From your later message:

Internet:
Destination Gateway Flags Refs Use Netif Expire
default 167.173.16.65 UGSc 1 0 en0
localhost localhost UH 7 332 lo0
167.173.16.64/26 link#2 UC 0 0 en0
167.173.16.65 0:05:54:43:70:40 UHLW 2 0 en 1193
167.173.16.119 localhost UHS 0 0 lo0

119 is my machine, 16.65 is the router. I don't know what 64/26 is. Tried accessing the router with a browser, but no go.

This means you have a subnet of 167.173.16.64/26 with means 255.255.255.192. So, 64 is the network address and 127 is the broadcast address.

If directed-broadcast is disabled you could manually ping all of the addresses in that range, or use NMAP to do it for you.

Mike

slylabs13
01-07-2011, 01:43 PM
You could use 'arp -a'

stetner % arp -a
router (192.168.0.1) at 0:30:ab:7:13:53
? (192.168.0.255) at ff:ff:ff:ff:ff:ff permanent
<snip>

Doug

This will only work for addresses your computer has recently communicated with. Here is what is needed: A utility that will ping a range of IP addresses (NOT THE ENTIRE CLASS B SUBNET OF 16,000+ ADDRESSES MIND YOU) in a continual ping, like the old MacPing utility used to do.
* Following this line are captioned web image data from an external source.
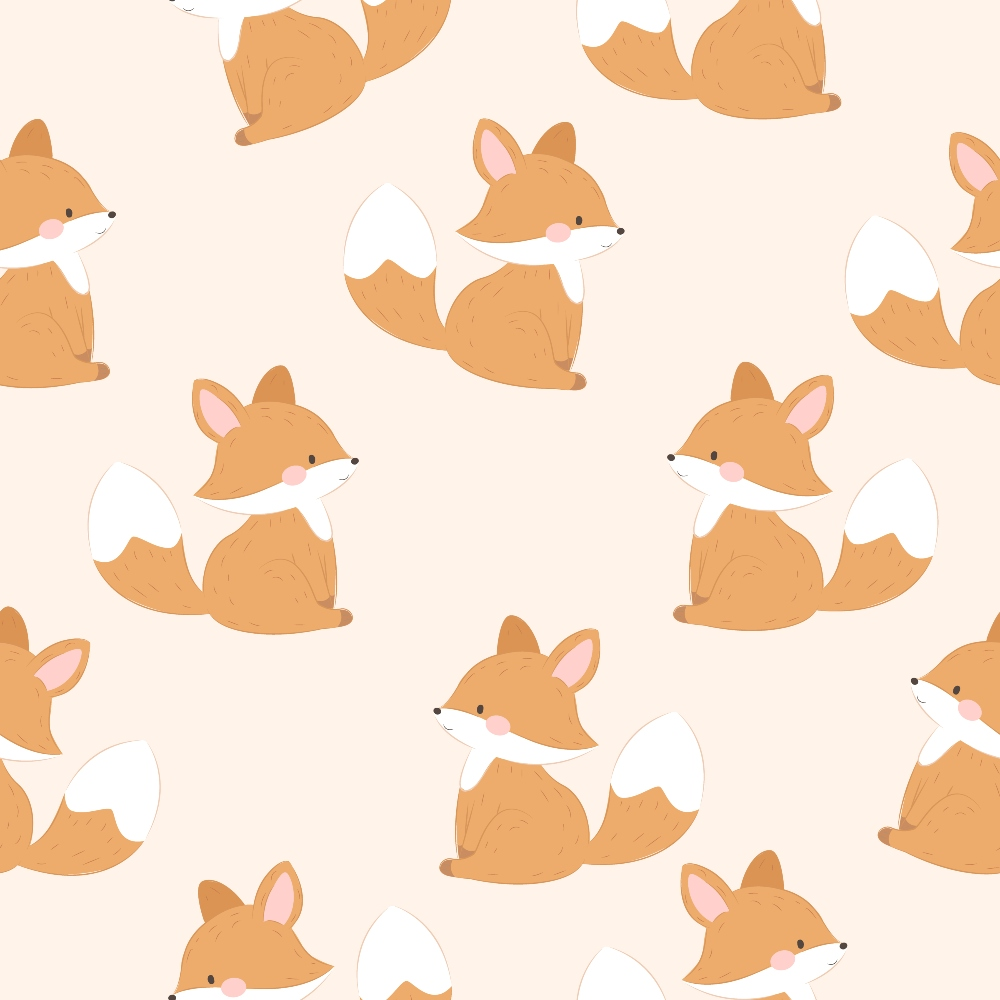cute baby foxes, orange foxes, white bellies, pink ears, repeating pattern, woodland animals, forest creatures, kawaii style, adorable characters,, fabric panel, nursery design, children's fabric, soft pastels, peach background, animal motif, whimsical design, crafting material, sewing fabric, nature theme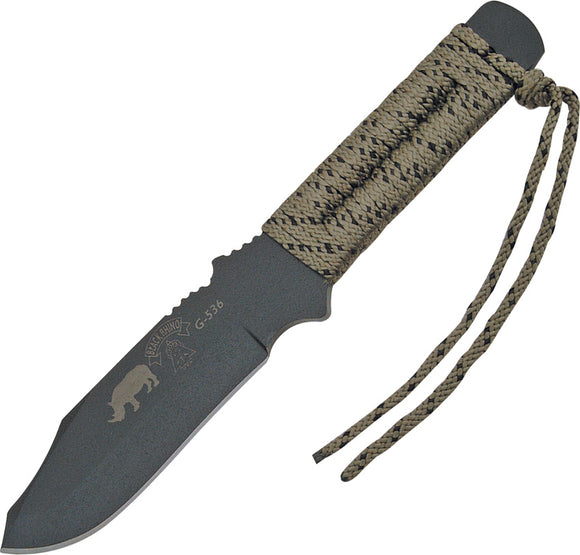 TOPS Black Rhino Fixed Blade Olive Drab Paracord Wrap Handle Knife + Sheath 102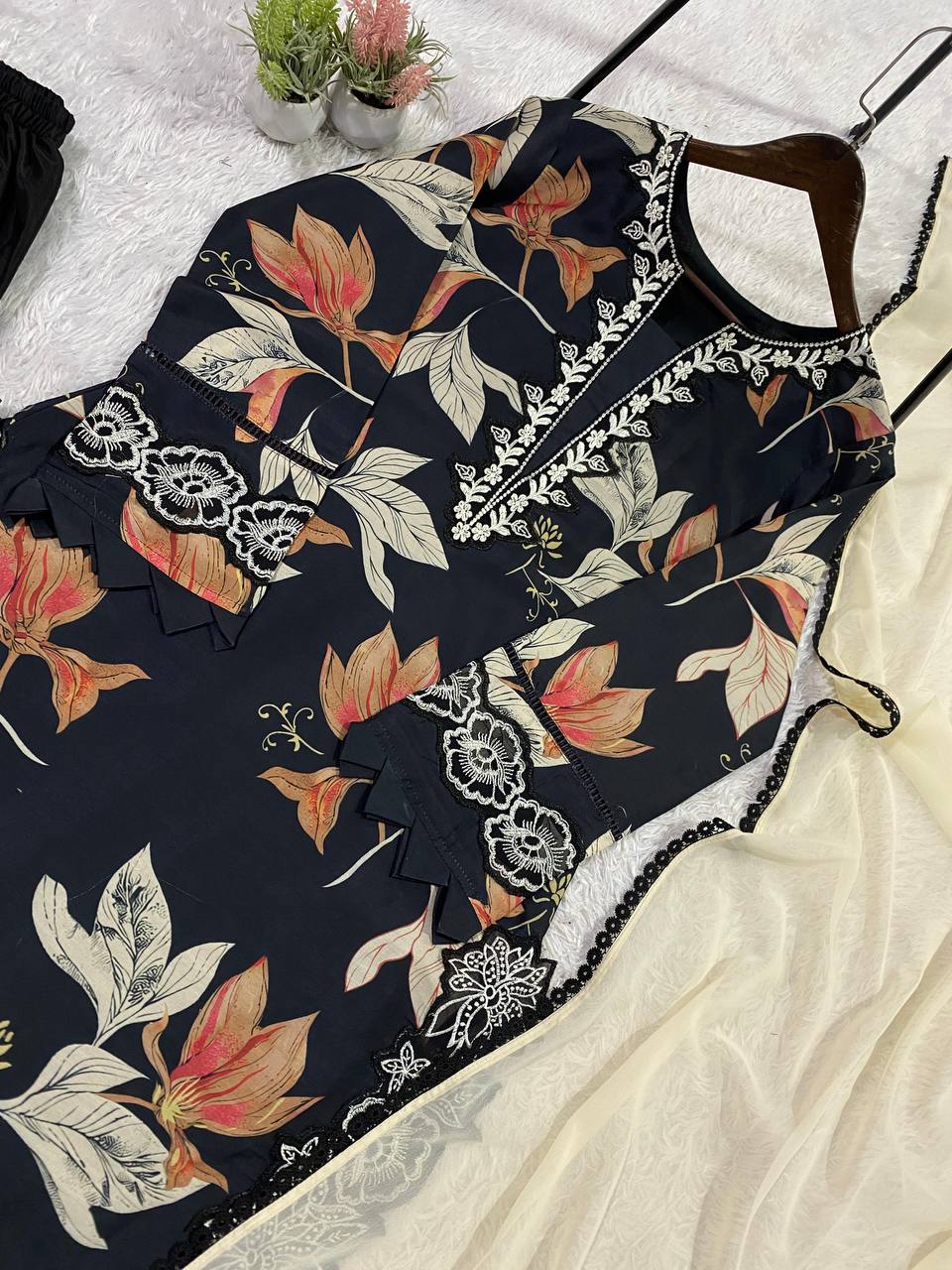 Printed Muslin Kurti Plazzo Set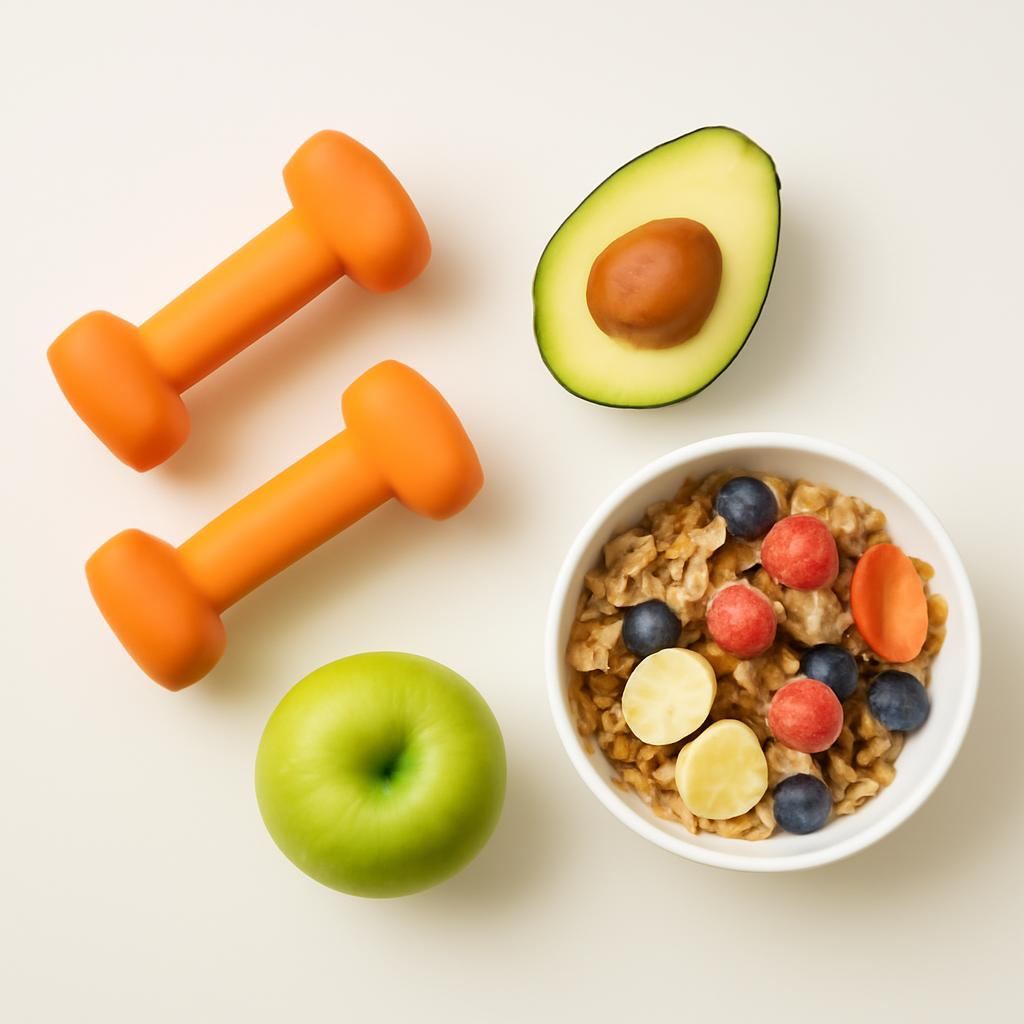 Top-down view of healthy choices: orange dumbbells with a halved avocado, a green apple, and a bowl of granola with berries and banana slices on a light background.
Why you ask? Consider needing to map a network infrastructure with nothing but non-managed switches. How do you find who is connected to which ports? If you had a utility pinging the entire range, you could go to the ethernet switches and start pulling wires temporarily and seeing which IP stopped responding.

So the question I would like to pose is, does anyone know of such a utility??

tlarkin
01-07-2011, 02:42 PM
Old thread resurrected, but don't modern switches log this stuff? IP, MAC, and Port? Layer 3 switches do all that I believe.

SirDice
01-10-2011, 01:59 AM
Old thread resurrected, but don't modern switches log this stuff? IP, MAC, and Port? Layer 3 switches do all that I believe.

Only managed switches. It doesn't matter if they're layer 2 or 3. But most, if not all, layer 3 switches are managed.

warragul
01-13-2011, 07:44 PM
In the Old Days I used MacPing to see what was where but that's Classic only.
Nowadays I use IP Scanner. http://10base-t.com/macintosh-software/ip-scanner
It scans only the private address ranges. The free version will return up to 5 devices - usually enough for a home network.